§ Entries provided:
........

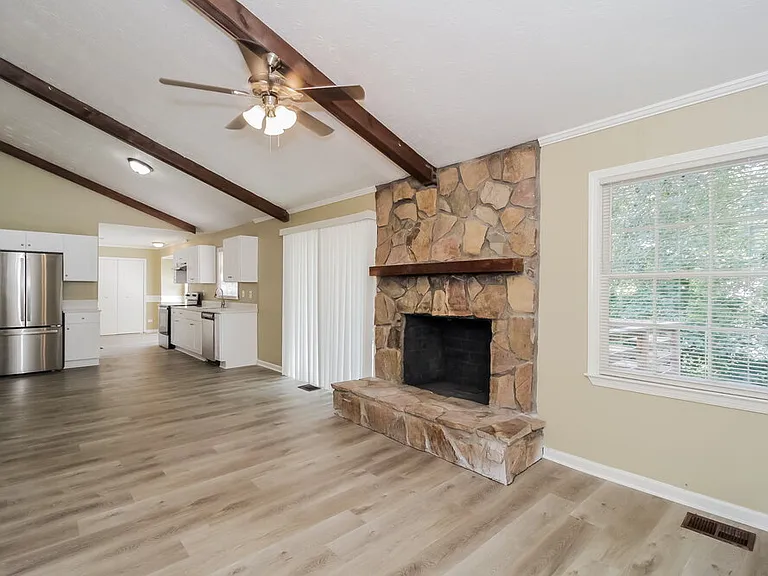 375 N Hickory Ln — Photo 6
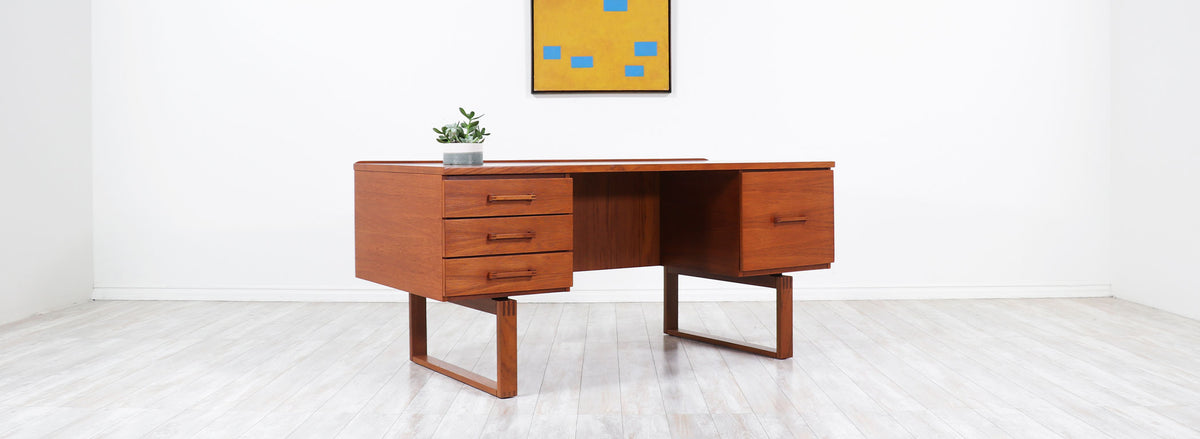 Henning Jensen & Torbin Valeur Executive Desk with Bookshelf for Dyrlund 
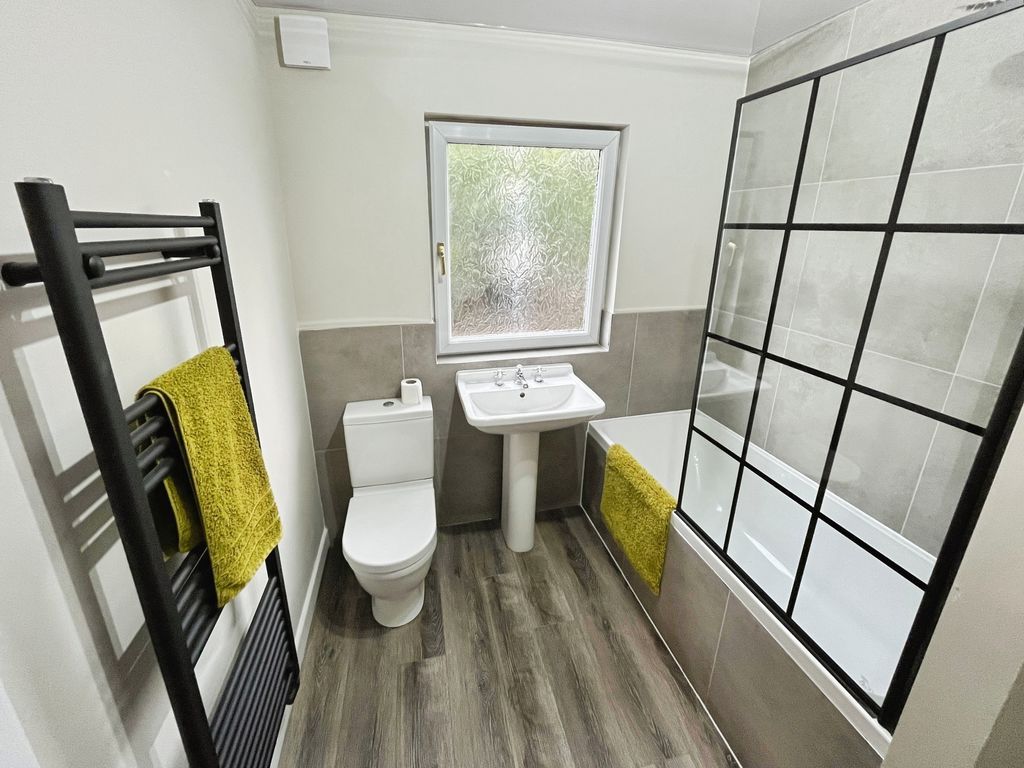 Property photo 3 of 11 Bathroom
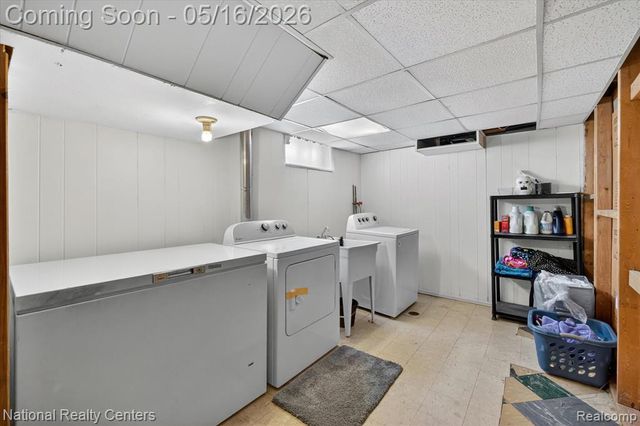 29911 Macintyre Street, Livonia, MI 48150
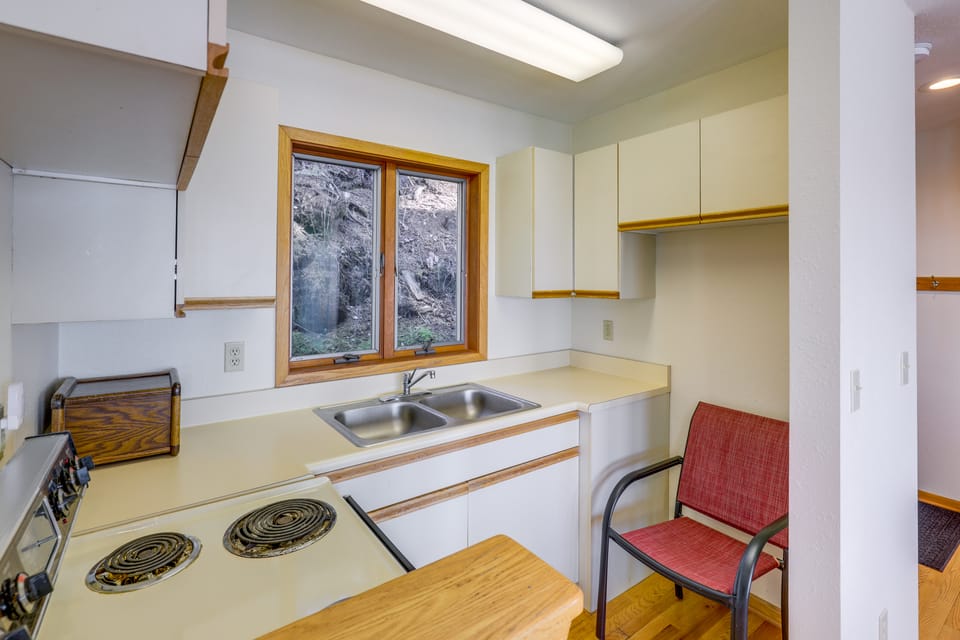 9 Mi to Mendenhall Glacier: Waterfront Juneau Home House in Juneau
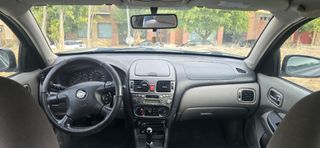 Nissan Almera 2000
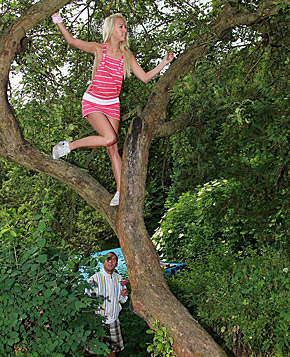 Cute teenage blondie gets boinked while climbing a tree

........

§ Problem statement: The goal is an exact reprint of the entries, leaving out the pictures.

§ Task answer:
 375 N Hickory Ln — Photo 6
 Henning Jensen & Torbin Valeur Executive Desk with Bookshelf for Dyrlund 
 Property photo 3 of 11 Bathroom
 29911 Macintyre Street, Livonia, MI 48150
 9 Mi to Mendenhall Glacier: Waterfront Juneau Home House in Juneau
 Nissan Almera 2000
 Cute teenage blondie gets boinked while climbing a tree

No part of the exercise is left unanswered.